**What to work on**
Look below for the line holding "Community pool area" and the line holding "Female doctor shaking". Transcribe exactly those lines and all lines between them, nothing more.

**Data**
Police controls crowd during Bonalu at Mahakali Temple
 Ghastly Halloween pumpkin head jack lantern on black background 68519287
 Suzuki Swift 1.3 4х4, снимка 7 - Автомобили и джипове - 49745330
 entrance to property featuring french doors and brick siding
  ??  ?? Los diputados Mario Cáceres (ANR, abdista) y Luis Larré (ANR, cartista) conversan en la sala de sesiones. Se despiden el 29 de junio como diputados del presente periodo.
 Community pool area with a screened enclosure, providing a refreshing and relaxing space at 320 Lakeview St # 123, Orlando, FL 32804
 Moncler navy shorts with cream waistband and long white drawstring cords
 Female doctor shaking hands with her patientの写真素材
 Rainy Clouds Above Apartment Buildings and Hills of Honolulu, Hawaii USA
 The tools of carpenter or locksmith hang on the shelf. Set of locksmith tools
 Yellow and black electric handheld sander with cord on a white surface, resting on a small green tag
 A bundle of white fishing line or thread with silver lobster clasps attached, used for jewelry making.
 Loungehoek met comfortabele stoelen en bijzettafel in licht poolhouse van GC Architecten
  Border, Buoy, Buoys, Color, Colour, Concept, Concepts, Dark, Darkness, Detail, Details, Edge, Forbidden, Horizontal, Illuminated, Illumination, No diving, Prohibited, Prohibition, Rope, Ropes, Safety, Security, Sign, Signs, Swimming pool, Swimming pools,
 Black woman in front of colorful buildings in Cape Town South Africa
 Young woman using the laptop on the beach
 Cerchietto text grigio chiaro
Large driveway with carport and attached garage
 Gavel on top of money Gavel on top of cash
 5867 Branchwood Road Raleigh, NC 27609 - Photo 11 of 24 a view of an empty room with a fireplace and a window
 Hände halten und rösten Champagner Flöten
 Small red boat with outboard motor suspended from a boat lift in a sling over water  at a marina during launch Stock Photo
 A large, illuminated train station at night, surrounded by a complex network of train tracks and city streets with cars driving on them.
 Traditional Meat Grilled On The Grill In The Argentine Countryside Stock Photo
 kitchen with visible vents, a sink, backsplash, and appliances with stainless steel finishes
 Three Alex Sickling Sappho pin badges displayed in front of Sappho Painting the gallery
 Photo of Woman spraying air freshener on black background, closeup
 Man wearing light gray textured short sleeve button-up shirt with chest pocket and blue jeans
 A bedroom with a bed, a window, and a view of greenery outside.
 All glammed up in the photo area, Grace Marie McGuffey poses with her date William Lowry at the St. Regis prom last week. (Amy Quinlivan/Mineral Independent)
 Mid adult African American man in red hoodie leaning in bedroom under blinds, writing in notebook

**Written solution**
 Community pool area with a screened enclosure, providing a refreshing and relaxing space at 320 Lakeview St # 123, Orlando, FL 32804
 Moncler navy shorts with cream waistband and long white drawstring cords
 Female doctor shaking hands with her patientの写真素材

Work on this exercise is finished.